> [...] IPv6, where routers communicate using link-local addresses. For
> what it's worth, Babel is quite able to establish adjacencies before
> addressing is up as well as in pure IPv4 networks.
I've received a few questions about this by private mail, so please let me
lecture a little. The chairs will let me know if that's too much of an
off-topic for this list.
Take a traditional single-stack routing protocol for IPv4, say RIPv2 or
OSPFv2:
1. your neighbour database is indexed by (interface, IPv4) pairs;
2. your routes' next hops are (interface, IPv4) pairs.
This means that you need to wait for an IPv4 address before you can do
anything.
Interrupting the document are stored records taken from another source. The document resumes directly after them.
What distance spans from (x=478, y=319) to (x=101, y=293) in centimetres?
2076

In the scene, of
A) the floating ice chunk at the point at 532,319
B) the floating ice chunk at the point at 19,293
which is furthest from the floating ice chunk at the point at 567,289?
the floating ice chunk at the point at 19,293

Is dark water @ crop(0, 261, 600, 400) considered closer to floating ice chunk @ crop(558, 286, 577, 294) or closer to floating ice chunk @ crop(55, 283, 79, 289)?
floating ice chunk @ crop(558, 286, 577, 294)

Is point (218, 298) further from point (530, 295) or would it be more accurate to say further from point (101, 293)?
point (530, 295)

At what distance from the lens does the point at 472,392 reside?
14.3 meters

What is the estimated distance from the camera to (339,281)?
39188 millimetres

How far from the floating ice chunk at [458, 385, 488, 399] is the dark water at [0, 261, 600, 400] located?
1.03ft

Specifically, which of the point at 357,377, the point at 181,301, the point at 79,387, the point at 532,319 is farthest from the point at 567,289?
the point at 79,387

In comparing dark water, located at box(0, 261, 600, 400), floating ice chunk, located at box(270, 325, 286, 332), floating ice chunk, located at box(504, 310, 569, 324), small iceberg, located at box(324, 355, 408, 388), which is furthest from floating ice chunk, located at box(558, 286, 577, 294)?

You can work around that by putting a (site-local) static IPv4
on the loopback interface, but that involves some administrative overhead,
and hence is not applicable to Homenet.
Compare this with an IPv4 routing protocol that is layered directly above
802.2, say a pure IPv4 implementation of ISIS:
1. your neighbour database is indexed by (interface, MAC) pairs;
2. your routes' next hops are (interface, IPv4) pairs.
Since MAC addresses always exist, you can establish neighbour relationships
as soon as the interface is up -- no need to wait for global addresses to
be assigned. If you're link state, you can start flooding as soon as the
adjacency is up, which is pretty cool. However, since next hops are IPv4
addresses, you still cannot route until both you and your neighbour get
assigned addresses.
Now take the simple same single-stack protocol and port it to IPv6 (RIPng
or OSPFv3):
1. your neighbour database is indexed by (interface, link-local IPv6);
2. your routes' next hops are (interface, link-local IPv6) pairs.
If link-local IPv6 exist soon enough after the link is up, you get all of
the benefits of a stable neighbour identifier -- you establish adjacencies
and start flooding as soon as the interface is up and has a link-local
IPv6. In addition, since your next hops exist, you can start routing as
soon as the interface is up -- a big win if the address distribution
protocol is slow or unreliable. Finally, you don't need to do anything
special when you renumber, the next hops use stable identifiers.
Consider now a double-stack protocol running over IPv6, such as Babel:
1. your neighbour database is indexed by (interface, link-local IPv6);
2. your routes' next hops are (interface, link-local IPv6) or
(interface, IPv4) pairs, depending on the address family.
Here, for IPv6 you're just like the previous case; for IPv4, you need an
address before you can route. The effect is that a Babel router starts
routing IPv6 as soon as the interface is up, but needs to delay installing
IPv4 routes until both neighbouring interfaces have an IPv4 address. In
effect, when the address configuration protocol has a hiccup, IPv6 routing
remains stable but IPv4 needs to reconverge.
In summary, by running your routing protocol over IPv6, you get the
advantages of the ISIS approach, but in addition you gain:
(1) the ability to run over GRE tunnels and OpenVPN in "tun" mode;
(2) much simpler implementation on Unix -- no need to use raw sockets,
just plain RFC 3493.
What you don't get is the conceptual elegance of proper layering.